Files 701 and 702 are instances of different timed text metadata documents, referenced in track elements and including time information.

File 701 is a WebVTT file while file 702 is a W3C Timed Text file.

The elements within those files are considered of equivalent format and can therefore be stored in database 303 of the metadata multiplexing encoder 300.

Database 303 is organized so that it not only provides registered formats, but also sets of equivalence between some registered formats.

Once step 403 is over, during step 404, a set of formats that are equivalent to the current one are identified.

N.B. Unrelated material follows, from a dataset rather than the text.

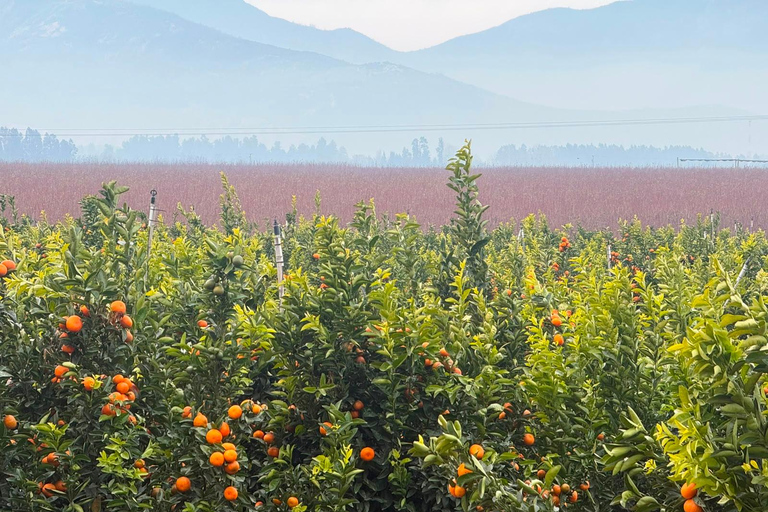 From Santiago: Viña Montes Winery Tour with Wine Tasting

This step is also performed by track type identifier 302.

The corresponding metadata element is then put in the appropriate set, i.e. the set containing metadata element of equivalent format.

Track type identifier 302 does so by storing the metadata elements sets 104 thus identified in a temporary memory buffer 304.

Once all <video> elements and <track> elements have been processed (steps 401 and 402 returning false), a metadata element (track) classification is obtained.

It has to be noted that when multiple videos are present in HTML5 page 10, classification as described hereinbefore is performed for one video at a time.

Indeed, in order to preserve the association between one video and its tracks, equivalent metadata elements of two different videos will not be classified in the same set.

In such case, the metadata elements sets will be stored annotated with a video ID, for instance within memory buffer 304.

At the end of identifying step 200, multiplexing step 201 may start.

A purpose of multiplexing step 201 is to map the elements from the metadata documents onto an abstract representation format that defines timed metadata frames.

Such an abstract format may be made up of a header indicating the number of multiplexed elements with their formats.

In addition, the said format would include a list of <frame> elements containing timing information, such as the t_start and t_end attributes to indicate the period of time onto which the metadata elements are relevant.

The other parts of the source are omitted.